Required action: Write out every entry, unchanged. Skip any picture.

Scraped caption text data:
*** Begin section ***
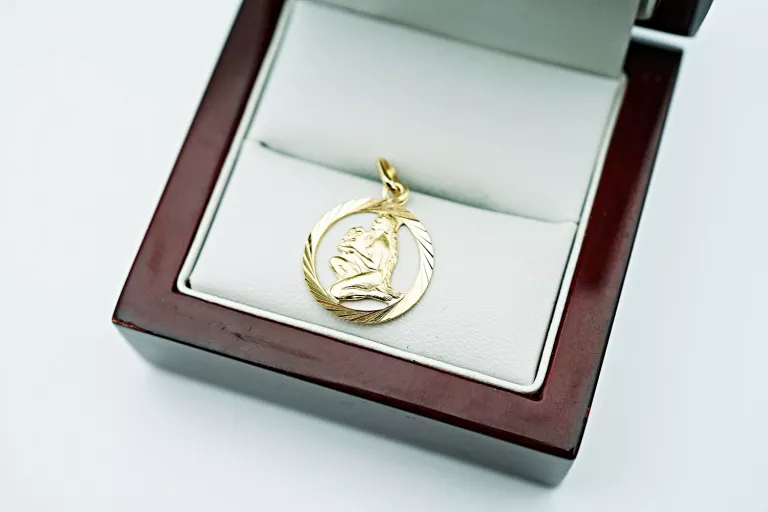 ZŁOTY WISIOREK ZNAK ZODIAKU - PANNA - PR.333 8K 1,17G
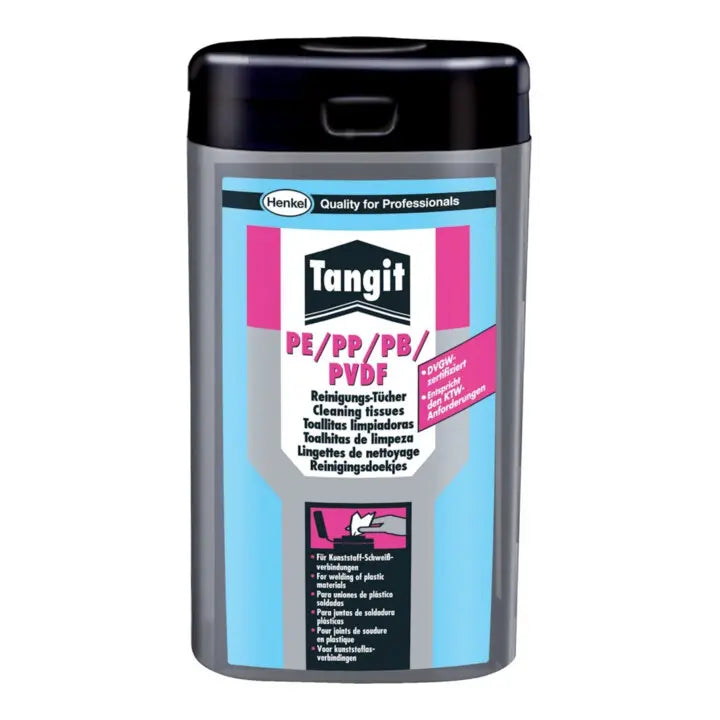 B-Ware Tangit Reinigungstücher Tücher Pe Pp Pb Pvdf Schweißen 8 Dosen X 100 Stück - 4015000089838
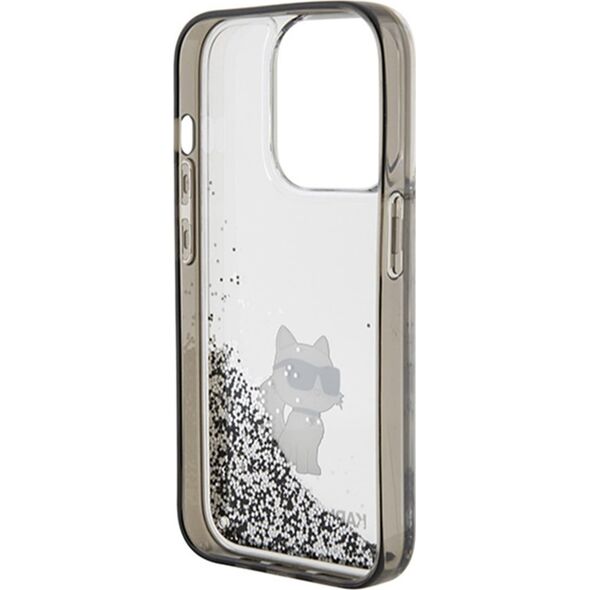 Karl Lagerfeld Karl Lagerfeld KLHCP15XLKCNSK iPhone 15 Pro Max 6.7" transparent hardcase Liquid Glitter Choupette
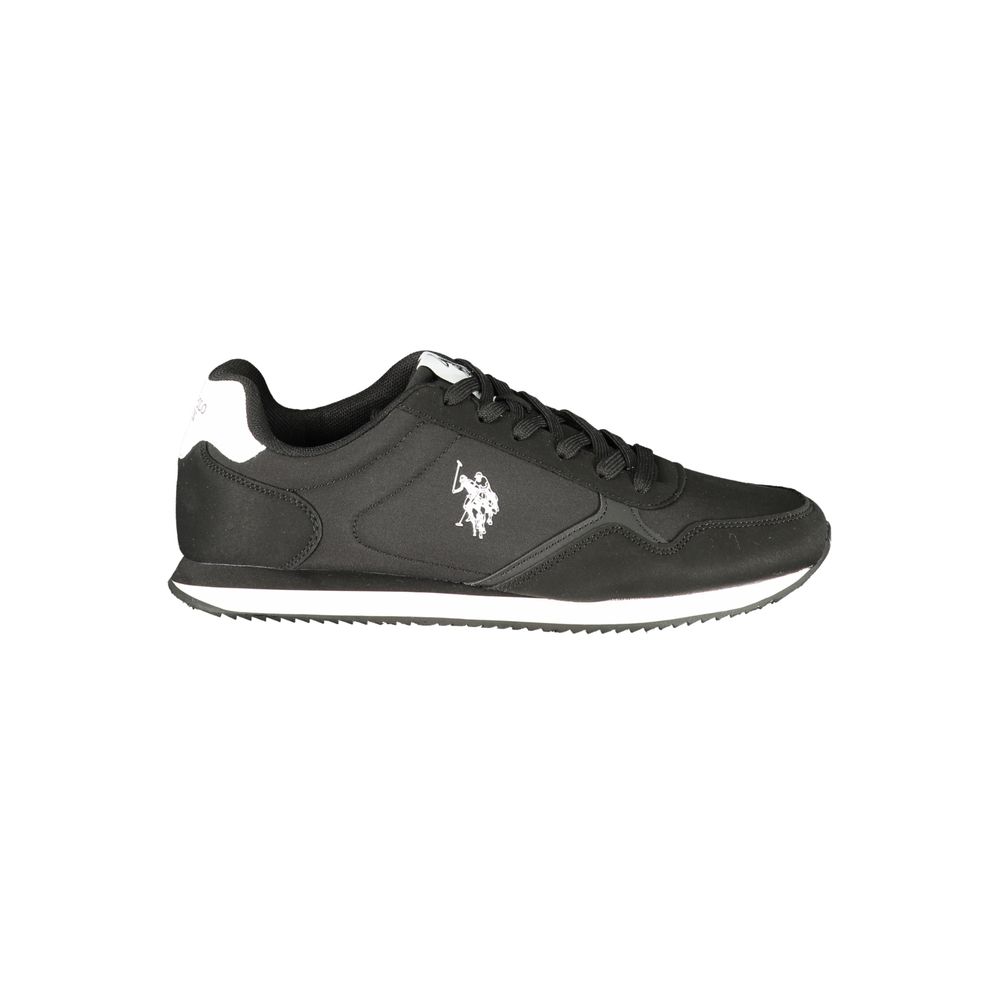 U.S. POLO ASSN. Black Polyurethane Men's Sneaker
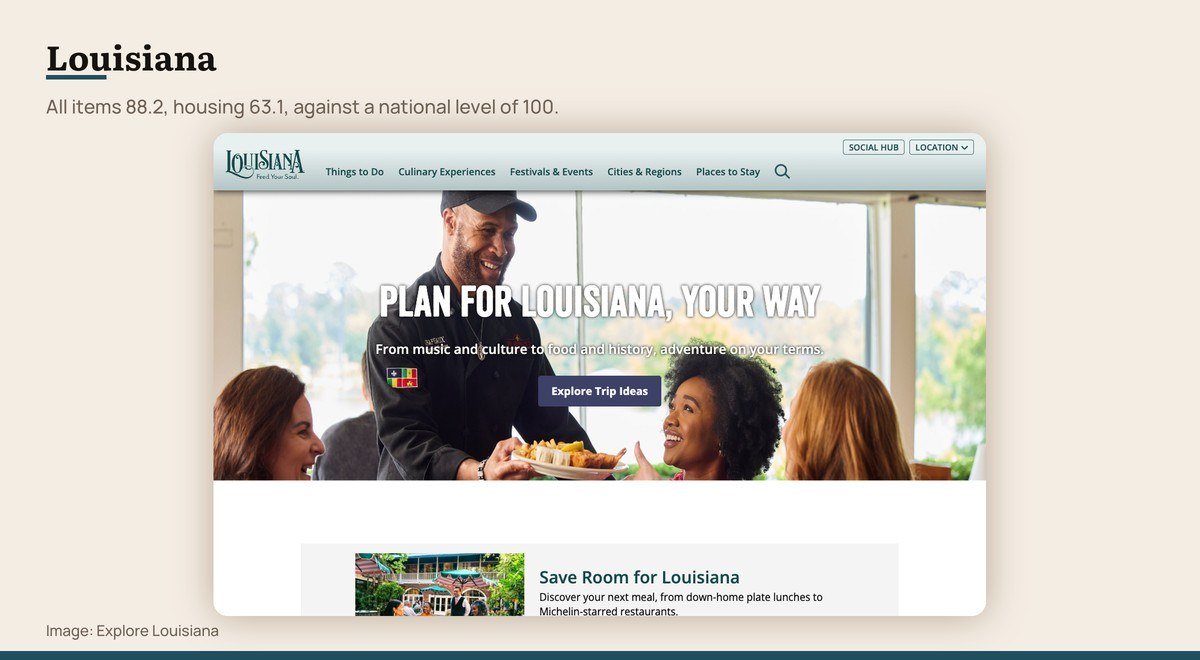 The official Louisiana state website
*** End section ***
Answer to this task:
 ZŁOTY WISIOREK ZNAK ZODIAKU - PANNA - PR.333 8K 1,17G
 B-Ware Tangit Reinigungstücher Tücher Pe Pp Pb Pvdf Schweißen 8 Dosen X 100 Stück - 4015000089838
 Karl Lagerfeld Karl Lagerfeld KLHCP15XLKCNSK iPhone 15 Pro Max 6.7" transparent hardcase Liquid Glitter Choupette
 U.S. POLO ASSN. Black Polyurethane Men's Sneaker
 The official Louisiana state website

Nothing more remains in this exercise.